Jackson-Davis felt his mind slide into a familiar whirl. Thoughts flew by like dry leaves in a twister. He usually handled this particular situation by striking out at the closest breathing object, but when the closest breathing object was Jilly Sappone ...
"Awright, Jackson," Jilly continued. "Slow it down. My wife, Annunziata. If you recall, I told you to get her address before you came up. I admit that was a long time ago. Anybody could forget a thing they got told that long ago."
Jackson's face suddenly lightened. "Well I guess you just pegged me wrong, Jilly, because I sure did get your wife's address. Aunt Josie wrote down a whole bunch of addresses and give 'em to me. Guess I jus' forgot for a minute."
Jackson-Davis handed over a carefully folded sheet of paper, and Jilly read it slowly, trying to absorb the facts without going off. His wife, Annunziata, who now called herself Ann, had divorced him (which he knew), then remarried a Con Edison worker named Paul Kalkadonis (which he didn't know), and had a kid, Theresa-Marie, now four years old. Six months ago, Paul Kalkadonis had been electrocuted on East Twenty-Fifth Street when a thoroughly stoned coworker with a known history of drug abuse failed to throw a switch. Ann was now suing and, according to Aunt Josie, the only relevant legal question was exactly how many millions Ann Kalkadonis was going to get.
So you take care of her, Josie had concluded, and the rest of them except for Carmine.
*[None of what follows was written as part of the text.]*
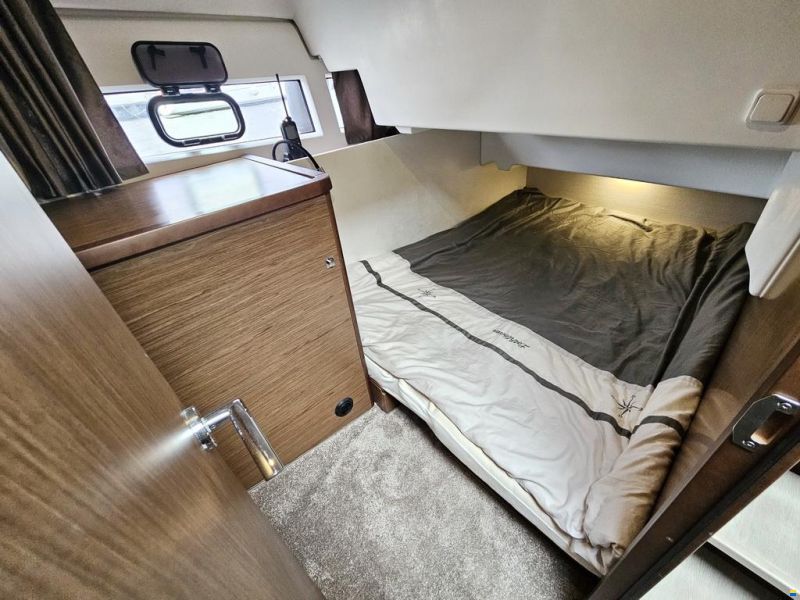 Jeanneau NC 11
Carmine's not for you.
"I brung ya these here, Jilly. Aunt Josie said they might help."
Jilly Sappone looked down at the small, pink tablets in Jackson Wescott's palm and knew exactly what they were. Dilaudid was what the docs called them; pink dope is what they were called on the street. Jilly had never injected himself with heroin, because he was afraid of needles, but somewhere in early adolescence he'd learned that opiates relieved the pressure. Not that dope made him a nice guy. No, the shitstorm was always there, but when Jilly Sappone was stoned, he could sometimes decide when the winds would blow. Sometimes.